Monitoring and reporting about the progress should be strengthened. It is not uncommon that reporting on progress of the various human instruments takes several years. This specific CRPD may not be an exception. Enforcement mechanism of such instruments in individual states is at times weak. The implication of this is that it becomes extremely difficult to establish how PWDs rights are being respected and fulfilled. Therefore, PWDs both in the south and in the North should have home grown innovations of training PWDs on how to monitor and report about the Convention. Best practices can be learnt from each other. Such innovative approaches should empower even the un educated those unable to read and write to be able to know their rights and report about them in user friendly manner.
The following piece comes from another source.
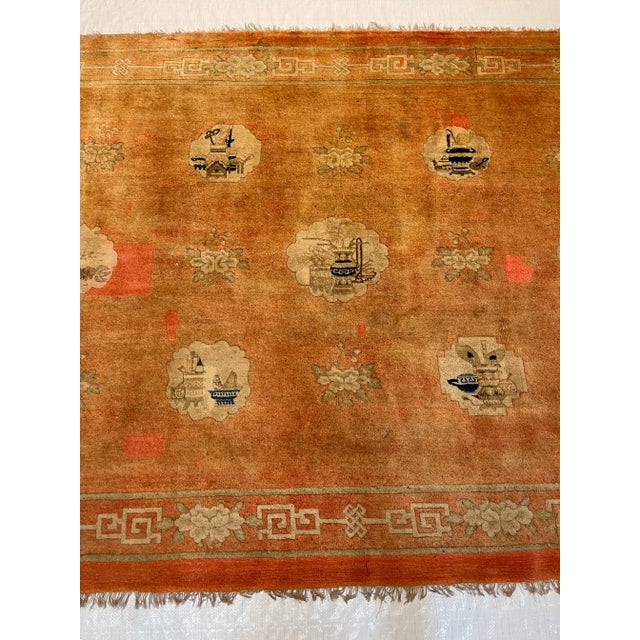 Chinese Antique Chinese Floral Design Rug - 5'4'' X 7'11'' For Sale - Image 3 of 9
Otherwise the momentum gained at the ratification of the Convention may get lost. The hope and enthusiasm generated must be seen in practical terms with proper plan of action of how the government intends to domesticate and implement its provisions. Therefore all stakeholders, government, international cooperation and partners, civil society and DPOS must work hand in hand and even harder to ensure that the curtains of hoped raised do not close before our own eyes and those of over 650 million PWDs on the globe. Indeed and in the meantime it is a historic achievement in the eyes of Ugandans.